The Yamas are five personal observances: ahimsa or non-violence, satya or truthfulness, asteya or non-stealing, brahmacarya or moderation, and aparigraha or non-grasping. So, for instance if you practice Ahimsa or non-harming in the way you treat others, it has a positive effect on you. Behaving this way is good for you. You will feel changed. People in your life will experience you differently and your relationships may begin to shift.
The Niyamas are five personal disciplines more focused on how you treat yourself: sauca or cleanliness, santosha or contentment, tapas or discipline, svadhyaya or self-study and isvarapranidhana or connection to the divine. So, for instance by cultivating Santosha or contentment, you’ll reap positive benefits for you. If you can shed the layers weighing you down, you’re closer to becoming your best self. When you live your life in a more authentic, happy way, you affect those around you with your positive energy.
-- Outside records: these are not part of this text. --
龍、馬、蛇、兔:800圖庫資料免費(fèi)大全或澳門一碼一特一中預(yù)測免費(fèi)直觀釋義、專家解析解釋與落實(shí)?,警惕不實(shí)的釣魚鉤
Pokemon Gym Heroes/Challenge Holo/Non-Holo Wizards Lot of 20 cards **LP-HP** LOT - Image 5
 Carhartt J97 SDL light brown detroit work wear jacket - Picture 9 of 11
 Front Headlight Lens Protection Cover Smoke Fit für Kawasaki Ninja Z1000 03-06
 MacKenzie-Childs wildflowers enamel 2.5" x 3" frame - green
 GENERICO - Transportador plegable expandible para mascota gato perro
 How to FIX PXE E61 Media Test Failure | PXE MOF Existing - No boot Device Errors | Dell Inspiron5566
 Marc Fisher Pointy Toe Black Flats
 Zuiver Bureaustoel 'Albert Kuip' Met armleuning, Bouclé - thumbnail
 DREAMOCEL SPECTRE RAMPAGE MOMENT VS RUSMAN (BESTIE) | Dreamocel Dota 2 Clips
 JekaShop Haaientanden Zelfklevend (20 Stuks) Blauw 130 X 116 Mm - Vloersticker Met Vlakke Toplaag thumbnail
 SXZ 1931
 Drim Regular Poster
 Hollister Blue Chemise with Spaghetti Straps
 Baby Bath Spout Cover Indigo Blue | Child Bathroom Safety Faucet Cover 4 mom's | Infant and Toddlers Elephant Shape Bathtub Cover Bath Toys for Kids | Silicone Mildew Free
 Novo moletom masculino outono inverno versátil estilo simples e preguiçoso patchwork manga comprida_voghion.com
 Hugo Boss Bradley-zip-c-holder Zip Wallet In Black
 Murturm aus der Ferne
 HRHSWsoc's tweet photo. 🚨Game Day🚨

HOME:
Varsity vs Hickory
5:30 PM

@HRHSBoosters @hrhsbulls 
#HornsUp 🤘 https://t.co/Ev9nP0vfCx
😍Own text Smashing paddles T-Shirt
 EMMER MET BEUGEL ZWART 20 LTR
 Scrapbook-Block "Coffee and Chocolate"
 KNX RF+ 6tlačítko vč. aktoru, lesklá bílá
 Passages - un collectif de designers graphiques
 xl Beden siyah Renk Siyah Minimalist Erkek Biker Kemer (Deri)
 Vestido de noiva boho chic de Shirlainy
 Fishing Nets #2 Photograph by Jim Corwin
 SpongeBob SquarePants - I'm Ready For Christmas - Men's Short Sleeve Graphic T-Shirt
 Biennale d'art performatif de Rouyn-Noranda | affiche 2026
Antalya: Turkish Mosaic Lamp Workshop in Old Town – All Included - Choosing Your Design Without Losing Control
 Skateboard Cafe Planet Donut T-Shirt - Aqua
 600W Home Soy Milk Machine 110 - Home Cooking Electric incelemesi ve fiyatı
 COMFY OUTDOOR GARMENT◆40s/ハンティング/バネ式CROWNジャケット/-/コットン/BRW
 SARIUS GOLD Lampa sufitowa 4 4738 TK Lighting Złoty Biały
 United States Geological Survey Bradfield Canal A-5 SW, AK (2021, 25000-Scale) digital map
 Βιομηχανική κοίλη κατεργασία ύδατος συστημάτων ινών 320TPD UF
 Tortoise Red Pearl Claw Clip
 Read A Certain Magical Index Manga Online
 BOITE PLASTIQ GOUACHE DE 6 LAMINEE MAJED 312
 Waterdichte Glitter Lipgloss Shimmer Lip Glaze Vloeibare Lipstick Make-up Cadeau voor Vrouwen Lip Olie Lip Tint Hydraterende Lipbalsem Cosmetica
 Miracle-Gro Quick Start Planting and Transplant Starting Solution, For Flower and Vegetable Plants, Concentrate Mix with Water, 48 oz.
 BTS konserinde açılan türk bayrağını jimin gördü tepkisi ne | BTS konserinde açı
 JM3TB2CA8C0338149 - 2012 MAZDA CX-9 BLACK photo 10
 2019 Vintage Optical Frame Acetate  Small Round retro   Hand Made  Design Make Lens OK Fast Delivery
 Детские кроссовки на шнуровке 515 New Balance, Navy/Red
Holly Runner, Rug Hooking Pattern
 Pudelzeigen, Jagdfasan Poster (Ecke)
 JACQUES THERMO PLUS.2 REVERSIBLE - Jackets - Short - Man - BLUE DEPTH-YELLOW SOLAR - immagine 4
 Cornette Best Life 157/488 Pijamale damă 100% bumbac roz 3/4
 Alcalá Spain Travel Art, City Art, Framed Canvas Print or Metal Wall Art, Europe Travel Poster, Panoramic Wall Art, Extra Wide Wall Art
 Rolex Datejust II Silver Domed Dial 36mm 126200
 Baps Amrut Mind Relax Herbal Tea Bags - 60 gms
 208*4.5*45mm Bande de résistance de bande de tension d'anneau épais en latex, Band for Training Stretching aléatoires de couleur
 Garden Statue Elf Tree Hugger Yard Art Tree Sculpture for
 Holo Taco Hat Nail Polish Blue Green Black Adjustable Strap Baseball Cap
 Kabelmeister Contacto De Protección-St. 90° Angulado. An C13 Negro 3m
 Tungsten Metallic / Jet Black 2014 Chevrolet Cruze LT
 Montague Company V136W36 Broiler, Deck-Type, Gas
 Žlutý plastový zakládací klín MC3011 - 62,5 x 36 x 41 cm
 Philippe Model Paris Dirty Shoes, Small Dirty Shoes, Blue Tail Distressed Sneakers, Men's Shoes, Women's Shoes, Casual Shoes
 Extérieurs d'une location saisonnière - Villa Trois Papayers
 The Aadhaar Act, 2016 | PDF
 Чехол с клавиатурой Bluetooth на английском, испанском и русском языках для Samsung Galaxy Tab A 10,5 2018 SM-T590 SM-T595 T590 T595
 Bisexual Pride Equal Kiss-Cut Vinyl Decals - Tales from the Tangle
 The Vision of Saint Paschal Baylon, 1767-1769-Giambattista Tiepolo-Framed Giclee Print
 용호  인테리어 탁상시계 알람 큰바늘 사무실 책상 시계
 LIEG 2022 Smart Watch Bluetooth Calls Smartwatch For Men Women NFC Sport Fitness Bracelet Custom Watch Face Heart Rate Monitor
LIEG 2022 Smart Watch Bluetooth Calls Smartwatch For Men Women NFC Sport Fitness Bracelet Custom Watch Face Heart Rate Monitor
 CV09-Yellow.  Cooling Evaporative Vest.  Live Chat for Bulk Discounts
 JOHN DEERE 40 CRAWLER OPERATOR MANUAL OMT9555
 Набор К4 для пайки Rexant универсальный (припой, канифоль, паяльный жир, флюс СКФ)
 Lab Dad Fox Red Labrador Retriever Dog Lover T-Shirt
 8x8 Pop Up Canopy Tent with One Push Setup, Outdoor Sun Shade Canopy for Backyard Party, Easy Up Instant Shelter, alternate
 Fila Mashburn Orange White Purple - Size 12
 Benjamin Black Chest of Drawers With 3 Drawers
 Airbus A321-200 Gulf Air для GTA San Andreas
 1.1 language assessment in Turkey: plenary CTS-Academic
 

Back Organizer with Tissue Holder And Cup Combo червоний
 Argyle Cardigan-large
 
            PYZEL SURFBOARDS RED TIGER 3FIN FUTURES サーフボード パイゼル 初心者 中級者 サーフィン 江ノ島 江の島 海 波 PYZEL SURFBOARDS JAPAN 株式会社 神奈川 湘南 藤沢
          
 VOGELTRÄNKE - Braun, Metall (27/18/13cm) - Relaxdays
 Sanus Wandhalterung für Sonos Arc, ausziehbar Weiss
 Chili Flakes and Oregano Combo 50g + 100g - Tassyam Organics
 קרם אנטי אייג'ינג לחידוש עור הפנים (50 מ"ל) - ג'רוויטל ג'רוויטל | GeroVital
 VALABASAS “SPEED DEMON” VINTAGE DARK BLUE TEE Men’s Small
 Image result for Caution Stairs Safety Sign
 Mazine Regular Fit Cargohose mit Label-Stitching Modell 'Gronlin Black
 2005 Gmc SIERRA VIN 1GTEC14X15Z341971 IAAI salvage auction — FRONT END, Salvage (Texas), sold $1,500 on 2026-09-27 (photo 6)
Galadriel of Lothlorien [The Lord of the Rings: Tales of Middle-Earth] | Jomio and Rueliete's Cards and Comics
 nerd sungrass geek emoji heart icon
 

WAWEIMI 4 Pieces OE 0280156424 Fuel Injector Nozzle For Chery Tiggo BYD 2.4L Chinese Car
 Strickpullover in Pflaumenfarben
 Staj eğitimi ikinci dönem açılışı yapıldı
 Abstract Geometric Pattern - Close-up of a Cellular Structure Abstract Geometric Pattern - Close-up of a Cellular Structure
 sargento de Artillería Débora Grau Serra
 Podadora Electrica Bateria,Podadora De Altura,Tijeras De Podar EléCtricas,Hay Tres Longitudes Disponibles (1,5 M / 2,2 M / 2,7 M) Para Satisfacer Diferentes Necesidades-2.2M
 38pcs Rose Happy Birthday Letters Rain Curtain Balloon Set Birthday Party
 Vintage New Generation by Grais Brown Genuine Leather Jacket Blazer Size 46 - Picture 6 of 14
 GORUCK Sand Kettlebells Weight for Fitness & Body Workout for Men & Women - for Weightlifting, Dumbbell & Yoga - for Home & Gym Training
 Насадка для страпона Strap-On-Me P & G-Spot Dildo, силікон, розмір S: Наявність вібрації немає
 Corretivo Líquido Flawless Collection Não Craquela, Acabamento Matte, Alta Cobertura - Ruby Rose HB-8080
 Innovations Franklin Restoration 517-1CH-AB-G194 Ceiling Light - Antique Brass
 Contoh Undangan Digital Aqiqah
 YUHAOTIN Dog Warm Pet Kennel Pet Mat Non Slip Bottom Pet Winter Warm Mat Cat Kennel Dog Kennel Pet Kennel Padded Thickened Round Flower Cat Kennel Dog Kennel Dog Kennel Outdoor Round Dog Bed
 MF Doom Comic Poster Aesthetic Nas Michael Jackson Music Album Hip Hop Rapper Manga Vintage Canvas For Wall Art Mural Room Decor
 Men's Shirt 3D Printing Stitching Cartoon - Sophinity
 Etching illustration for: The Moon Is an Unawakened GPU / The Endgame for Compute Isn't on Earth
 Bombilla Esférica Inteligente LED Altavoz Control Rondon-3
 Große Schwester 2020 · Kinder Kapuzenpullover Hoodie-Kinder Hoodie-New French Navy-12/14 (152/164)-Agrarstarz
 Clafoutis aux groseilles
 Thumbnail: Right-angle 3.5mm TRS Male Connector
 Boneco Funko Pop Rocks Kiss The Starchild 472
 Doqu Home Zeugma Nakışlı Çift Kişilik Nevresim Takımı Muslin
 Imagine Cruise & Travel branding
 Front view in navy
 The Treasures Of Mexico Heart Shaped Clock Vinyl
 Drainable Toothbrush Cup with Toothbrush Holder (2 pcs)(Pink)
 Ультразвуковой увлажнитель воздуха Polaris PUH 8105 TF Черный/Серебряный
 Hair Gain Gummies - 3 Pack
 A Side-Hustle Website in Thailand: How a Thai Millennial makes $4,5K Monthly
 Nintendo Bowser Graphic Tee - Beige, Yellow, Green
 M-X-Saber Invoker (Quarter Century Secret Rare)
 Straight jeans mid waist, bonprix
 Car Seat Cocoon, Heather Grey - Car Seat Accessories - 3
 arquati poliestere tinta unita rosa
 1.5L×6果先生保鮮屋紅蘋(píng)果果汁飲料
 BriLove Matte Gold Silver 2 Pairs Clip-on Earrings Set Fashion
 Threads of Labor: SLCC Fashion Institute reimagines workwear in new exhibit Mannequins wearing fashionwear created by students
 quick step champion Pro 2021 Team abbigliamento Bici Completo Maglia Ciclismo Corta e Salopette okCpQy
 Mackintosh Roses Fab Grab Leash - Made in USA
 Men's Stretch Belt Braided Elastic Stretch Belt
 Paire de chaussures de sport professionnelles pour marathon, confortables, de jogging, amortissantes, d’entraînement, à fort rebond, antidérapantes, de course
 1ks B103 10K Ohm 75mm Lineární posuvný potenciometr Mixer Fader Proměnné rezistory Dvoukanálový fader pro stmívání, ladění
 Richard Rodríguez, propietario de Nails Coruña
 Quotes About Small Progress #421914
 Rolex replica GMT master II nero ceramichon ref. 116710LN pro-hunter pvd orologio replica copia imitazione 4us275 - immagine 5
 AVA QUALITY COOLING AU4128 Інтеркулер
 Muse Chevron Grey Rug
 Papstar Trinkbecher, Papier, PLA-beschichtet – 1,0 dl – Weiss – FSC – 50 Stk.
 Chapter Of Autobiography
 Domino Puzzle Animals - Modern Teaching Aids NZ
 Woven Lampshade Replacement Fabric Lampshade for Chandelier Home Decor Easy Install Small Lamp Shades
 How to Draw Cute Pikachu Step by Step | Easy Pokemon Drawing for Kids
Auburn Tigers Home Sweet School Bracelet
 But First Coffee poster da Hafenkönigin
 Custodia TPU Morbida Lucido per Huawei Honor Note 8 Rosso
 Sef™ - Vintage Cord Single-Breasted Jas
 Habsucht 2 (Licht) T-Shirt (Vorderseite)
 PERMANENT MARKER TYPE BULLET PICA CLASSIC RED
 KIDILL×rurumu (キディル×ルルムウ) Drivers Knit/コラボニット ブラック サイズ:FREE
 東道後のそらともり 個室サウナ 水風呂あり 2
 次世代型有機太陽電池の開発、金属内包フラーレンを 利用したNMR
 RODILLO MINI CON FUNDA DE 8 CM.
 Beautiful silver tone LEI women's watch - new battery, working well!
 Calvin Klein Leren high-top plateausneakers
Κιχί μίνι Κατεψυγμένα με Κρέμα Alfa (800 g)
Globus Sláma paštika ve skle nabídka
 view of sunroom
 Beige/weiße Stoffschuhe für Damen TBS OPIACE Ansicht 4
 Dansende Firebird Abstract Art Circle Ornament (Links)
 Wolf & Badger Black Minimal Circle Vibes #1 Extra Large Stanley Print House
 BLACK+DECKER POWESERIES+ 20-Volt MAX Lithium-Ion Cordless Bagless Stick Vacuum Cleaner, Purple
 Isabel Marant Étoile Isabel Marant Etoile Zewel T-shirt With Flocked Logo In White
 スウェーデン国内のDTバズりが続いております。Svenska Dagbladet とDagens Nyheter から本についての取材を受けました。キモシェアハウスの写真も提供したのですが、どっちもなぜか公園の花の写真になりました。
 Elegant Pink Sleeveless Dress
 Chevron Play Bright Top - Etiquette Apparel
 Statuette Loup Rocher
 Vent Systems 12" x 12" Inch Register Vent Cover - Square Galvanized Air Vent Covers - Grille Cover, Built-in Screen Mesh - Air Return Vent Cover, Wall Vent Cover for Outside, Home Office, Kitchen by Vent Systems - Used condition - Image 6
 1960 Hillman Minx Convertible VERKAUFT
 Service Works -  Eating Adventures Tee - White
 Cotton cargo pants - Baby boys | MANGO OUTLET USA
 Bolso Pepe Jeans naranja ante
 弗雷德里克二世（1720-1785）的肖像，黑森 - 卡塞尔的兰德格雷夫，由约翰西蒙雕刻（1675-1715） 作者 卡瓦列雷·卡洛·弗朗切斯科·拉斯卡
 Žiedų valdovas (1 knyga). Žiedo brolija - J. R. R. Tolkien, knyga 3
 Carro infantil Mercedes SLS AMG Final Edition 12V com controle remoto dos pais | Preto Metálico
Delving into the darkness of the past and finding forgiveness frees us when we release old anger, pain and hurt. Often these feelings sit in our physical body, holding us back. If we can release them, we become free. Instead of expecting somebody else to give us happiness, peace, or fulfillment, we realize we can obtain it ourselves. Then, we are in the place to offer it to others, whether that is romantic, friendship, family or professional.
If you are the best version of yourself and release past hurts and emotions weighing you down, you’ll be ready for the relationships that will lift you up.